Литмир - Электронная Библиотека
A
A

А пятый был тем самым Генкой в футболке патриота. С первого же дня их отношения с Матфеем приняли ядовитую, политическую окраску неугасающей конфронтации. Генка был повернутым на политике, говорил о ней постоянно, вернее, пересказывал то, что говорят по телевизору.

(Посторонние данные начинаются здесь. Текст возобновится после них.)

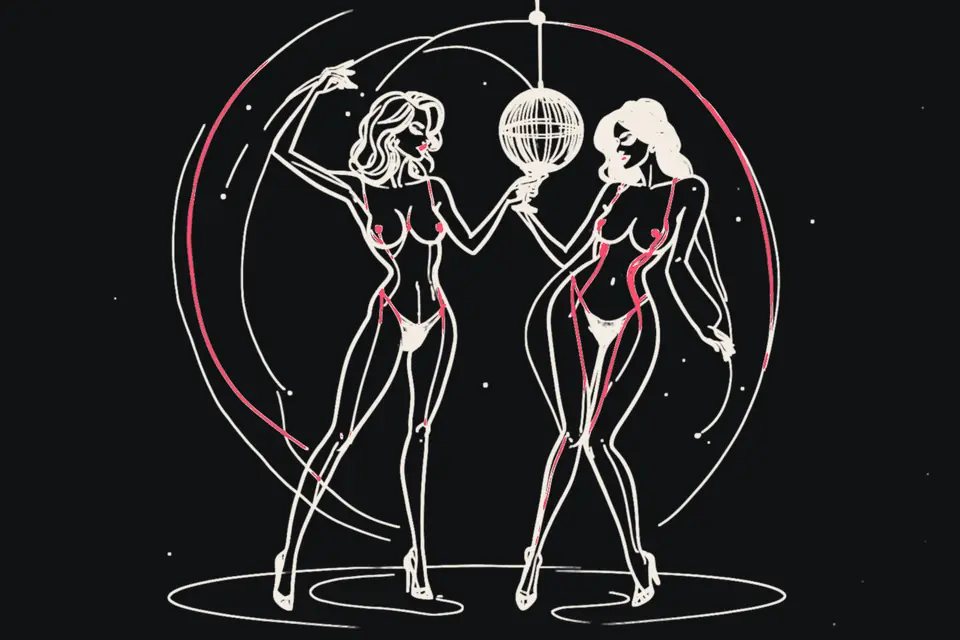 Two women dance with champagne glasses under a disco ball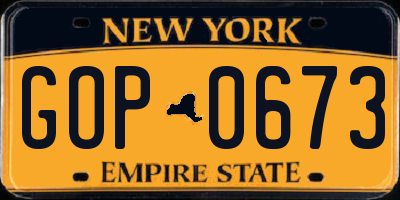 NY license plate GOP0673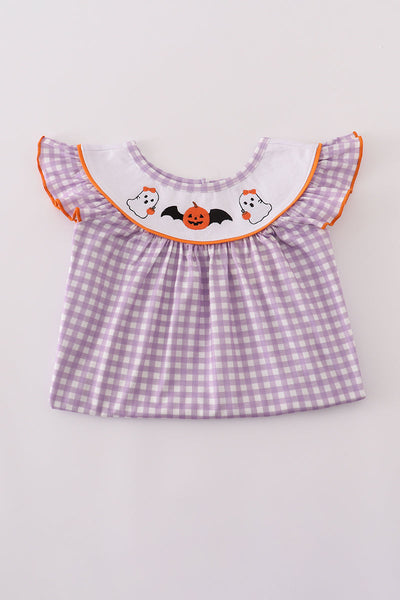 Friendly Ghost Embroidery Dress: 6Y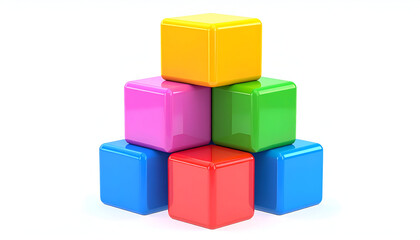 Obraz premium Colorful cube blocks stacked in pyramid shape on white a bright and playful arrangement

Матфею будто засунули телик в башку. Он старался отмалчиваться. И спустил бы чувака на ха-ха, если бы башка так не трещала, да Егорушка без конца не заглядывал бы в палату, корча рожи, если бы не сны и та, что мерещилась порой в темном углу.

Раньше он, как нормальный, забил бы и всё. Но он ляпнул, и понеслись ежедневные разговорчики по типу:

— Нет, ты погодь, — не унимался Генка. — Давай поговорим, парень, что у тебя за замашки либераста, нам таких не надь!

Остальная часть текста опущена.